_What to do_: Only the stretch of the listing below that runs from the line with "Men's 6 Pairs" through the line with "Image of DARKFIT" is to be printed, exactly and with both ends.

_The data_:
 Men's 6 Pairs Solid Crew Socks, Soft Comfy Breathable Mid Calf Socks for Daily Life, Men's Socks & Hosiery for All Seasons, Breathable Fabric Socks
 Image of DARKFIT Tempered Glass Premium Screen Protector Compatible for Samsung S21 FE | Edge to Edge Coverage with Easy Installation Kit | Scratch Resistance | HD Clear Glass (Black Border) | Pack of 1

...

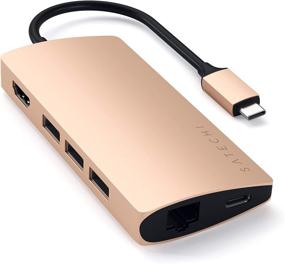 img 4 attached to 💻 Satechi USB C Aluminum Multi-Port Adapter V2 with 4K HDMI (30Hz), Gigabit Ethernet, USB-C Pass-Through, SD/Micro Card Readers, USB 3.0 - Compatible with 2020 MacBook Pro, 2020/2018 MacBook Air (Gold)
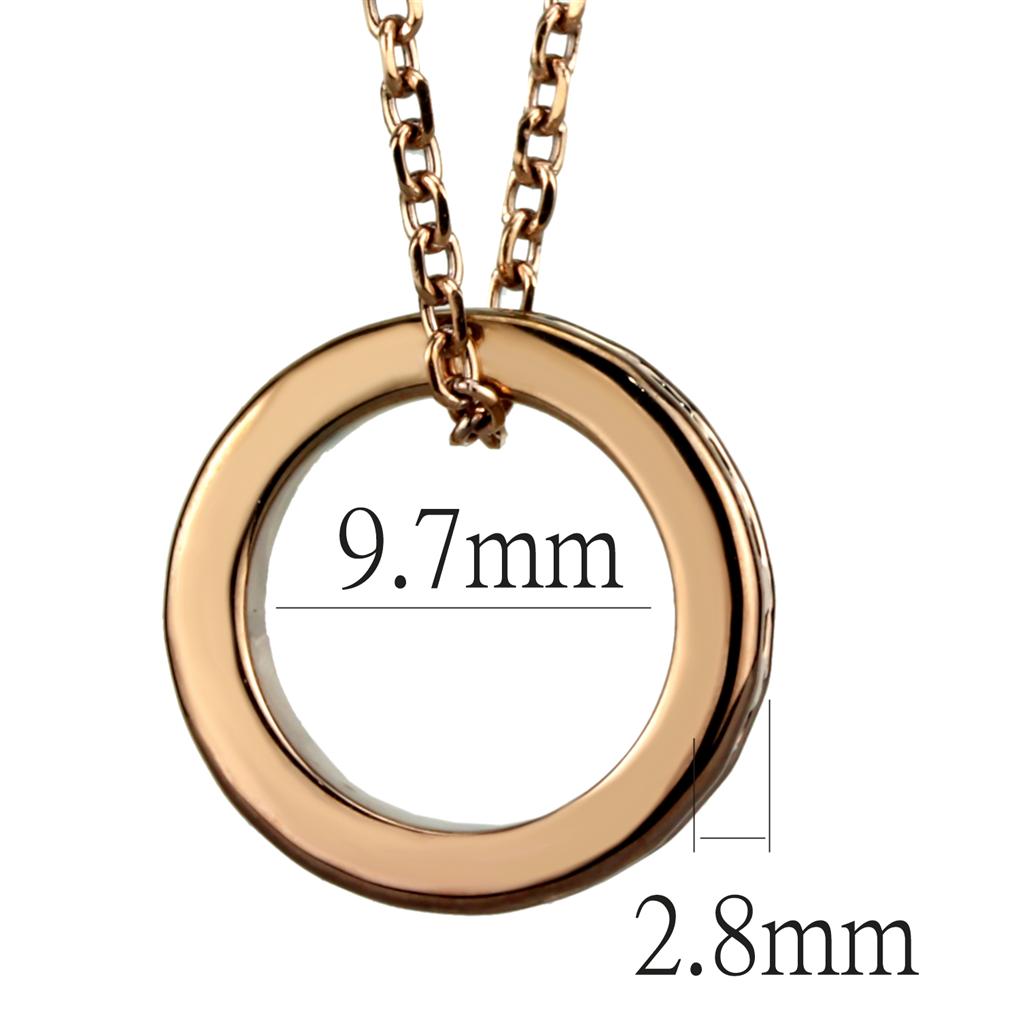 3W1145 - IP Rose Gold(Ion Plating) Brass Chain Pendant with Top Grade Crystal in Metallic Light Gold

==

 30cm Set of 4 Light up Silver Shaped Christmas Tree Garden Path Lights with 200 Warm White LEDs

_Response to the task_:
 Men's 6 Pairs Solid Crew Socks, Soft Comfy Breathable Mid Calf Socks for Daily Life, Men's Socks & Hosiery for All Seasons, Breathable Fabric Socks
 Image of DARKFIT Tempered Glass Premium Screen Protector Compatible for Samsung S21 FE | Edge to Edge Coverage with Easy Installation Kit | Scratch Resistance | HD Clear Glass (Black Border) | Pack of 1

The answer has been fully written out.